Straight after Easter Sunday, Jo and I disappeared for several days’ break staying with some good friends down in Warwickshire. On our last night there, we went out for a curry. We don’t eat meat, so Jo had a vegetable dish, and I had a fish dish. It was delicious: an unlikely mix of cod and tuna and prawns, prepared with fenugreek and ginger and a blend of spices. In the centre of the table there was a plate of enormous naans, and we hungrily tore off piece after piece to scoop up mouthful after mouthful. We ate too much, and went to bed too soon after, and slept terribly as a result. But it was so good to be together. We had spent the previous days eating and drinking and sitting round reading books and exploring elegant towns and walking their dogs around pretty villages and catching up with one another’s news and giving one another space to not have to entertain or engage socially. The following morning, we would get up early for the first time in days, go out and run the nearest parkrun, and then spend the next several hours driving home in sweaty lycra. I can’t think of a better way to observe the Octave of Easter, the first eight of the Fifty Great Days of Eastertide.

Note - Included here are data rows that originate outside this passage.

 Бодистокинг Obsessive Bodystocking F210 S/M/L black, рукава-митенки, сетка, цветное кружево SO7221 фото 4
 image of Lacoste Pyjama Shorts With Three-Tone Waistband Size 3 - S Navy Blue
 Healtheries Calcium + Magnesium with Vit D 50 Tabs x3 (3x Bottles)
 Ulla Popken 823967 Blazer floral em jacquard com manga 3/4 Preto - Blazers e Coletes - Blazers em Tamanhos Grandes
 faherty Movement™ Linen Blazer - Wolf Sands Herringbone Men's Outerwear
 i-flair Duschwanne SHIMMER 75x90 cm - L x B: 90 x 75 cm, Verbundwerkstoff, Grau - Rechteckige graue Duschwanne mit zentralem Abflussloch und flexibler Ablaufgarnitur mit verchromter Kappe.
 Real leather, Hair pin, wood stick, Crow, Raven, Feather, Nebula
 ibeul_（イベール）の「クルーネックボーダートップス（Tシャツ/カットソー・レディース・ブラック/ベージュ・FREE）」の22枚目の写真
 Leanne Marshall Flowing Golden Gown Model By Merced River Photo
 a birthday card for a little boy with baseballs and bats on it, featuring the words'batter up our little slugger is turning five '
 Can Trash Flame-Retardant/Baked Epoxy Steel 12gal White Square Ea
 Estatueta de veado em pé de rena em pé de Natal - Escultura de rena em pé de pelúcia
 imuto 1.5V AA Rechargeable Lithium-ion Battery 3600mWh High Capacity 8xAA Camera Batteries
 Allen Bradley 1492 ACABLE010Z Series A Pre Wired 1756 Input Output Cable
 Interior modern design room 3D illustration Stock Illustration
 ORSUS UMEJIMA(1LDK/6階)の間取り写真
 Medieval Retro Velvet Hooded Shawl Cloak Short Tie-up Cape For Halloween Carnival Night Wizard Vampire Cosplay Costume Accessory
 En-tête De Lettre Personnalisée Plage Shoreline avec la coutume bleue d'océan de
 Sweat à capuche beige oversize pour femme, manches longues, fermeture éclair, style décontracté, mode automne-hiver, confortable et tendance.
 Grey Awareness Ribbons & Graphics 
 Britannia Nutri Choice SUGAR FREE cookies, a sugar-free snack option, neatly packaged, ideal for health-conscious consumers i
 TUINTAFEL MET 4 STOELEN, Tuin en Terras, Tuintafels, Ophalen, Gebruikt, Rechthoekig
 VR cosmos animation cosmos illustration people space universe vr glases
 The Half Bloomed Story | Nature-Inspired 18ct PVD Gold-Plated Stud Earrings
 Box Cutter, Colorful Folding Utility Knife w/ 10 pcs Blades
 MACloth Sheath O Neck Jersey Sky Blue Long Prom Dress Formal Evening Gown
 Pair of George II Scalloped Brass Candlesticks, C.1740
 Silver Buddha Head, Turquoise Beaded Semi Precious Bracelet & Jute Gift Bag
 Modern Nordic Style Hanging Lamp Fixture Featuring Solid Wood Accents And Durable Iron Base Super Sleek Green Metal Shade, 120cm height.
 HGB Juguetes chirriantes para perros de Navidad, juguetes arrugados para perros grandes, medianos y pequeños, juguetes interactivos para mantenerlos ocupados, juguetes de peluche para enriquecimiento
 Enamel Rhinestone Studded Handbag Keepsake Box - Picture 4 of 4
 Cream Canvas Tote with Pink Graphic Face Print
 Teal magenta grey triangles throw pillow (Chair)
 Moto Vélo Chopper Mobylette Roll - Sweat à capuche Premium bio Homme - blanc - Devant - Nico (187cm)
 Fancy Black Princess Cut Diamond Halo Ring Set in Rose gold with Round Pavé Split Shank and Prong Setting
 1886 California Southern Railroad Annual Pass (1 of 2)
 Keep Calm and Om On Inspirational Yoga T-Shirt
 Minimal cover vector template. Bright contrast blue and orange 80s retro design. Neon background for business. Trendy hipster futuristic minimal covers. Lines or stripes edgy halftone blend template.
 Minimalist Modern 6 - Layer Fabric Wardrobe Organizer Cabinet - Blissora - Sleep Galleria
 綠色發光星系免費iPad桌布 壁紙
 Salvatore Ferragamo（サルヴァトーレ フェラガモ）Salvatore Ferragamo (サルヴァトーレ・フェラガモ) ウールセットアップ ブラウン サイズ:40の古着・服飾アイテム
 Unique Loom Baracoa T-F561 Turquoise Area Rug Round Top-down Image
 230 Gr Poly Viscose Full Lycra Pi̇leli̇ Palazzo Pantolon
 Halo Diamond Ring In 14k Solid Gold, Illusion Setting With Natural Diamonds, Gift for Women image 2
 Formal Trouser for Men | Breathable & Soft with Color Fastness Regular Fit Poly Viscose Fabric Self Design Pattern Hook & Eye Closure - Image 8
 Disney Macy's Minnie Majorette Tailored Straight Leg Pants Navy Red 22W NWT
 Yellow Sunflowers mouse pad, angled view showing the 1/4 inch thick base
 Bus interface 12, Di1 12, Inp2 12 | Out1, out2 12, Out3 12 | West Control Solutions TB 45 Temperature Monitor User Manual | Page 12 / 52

Several of the disciples had gone out all night, fishing on the lake. And at dawn, Jesus stood on the shore and called to them, “Little children, do you have any fish relish (prosphagion)?” That is, do you have the kind of fish dish that is eaten with flatbread? And they reply, “No.” They have no fish relish with them. So Jesus calls out again, and tells them to cast their net on the right hand side of the boat, and that they will discover something, perhaps unexpected. They don’t discover any fish relish—that really would be unexpected. Instead, the net fills up with fish (ichthyōn) and what is unexpected is the sheer number of them. But then Simon Peter does something very unexpected: he pulls on his cloak and casts himself into the sea. And when they reach the shore, they find that Jesus has made a charcoal fire and prepared bread and was cooking it along with some fish he already had with him.
It is such a strange and beautiful story. Jesus, making breakfast for his friends—as my friend Andy had poached us eggs for breakfast as we sat in his kitchen. Constructing a fire—as my friend Andy had made in his firepit as we sat round, and he cooked for us on the barbeque. Simple things, with his hands. This is, surely, occupational therapy, learning how to use hands that now have holes punctured through them—how do you knead bread when the tendons of your fingers are torn in two? This is rehabilitation after the trauma of torture and death, not to mention the trauma of resurrection, just as much as the boys going fishing is rehabilitation after the trauma of seeing Jesus go to his death, and come back again. This takes time, and, it turns out, a little fish relish. That is why we take Fifty days over Easter, not just one ta-dah! day (glorious though it is).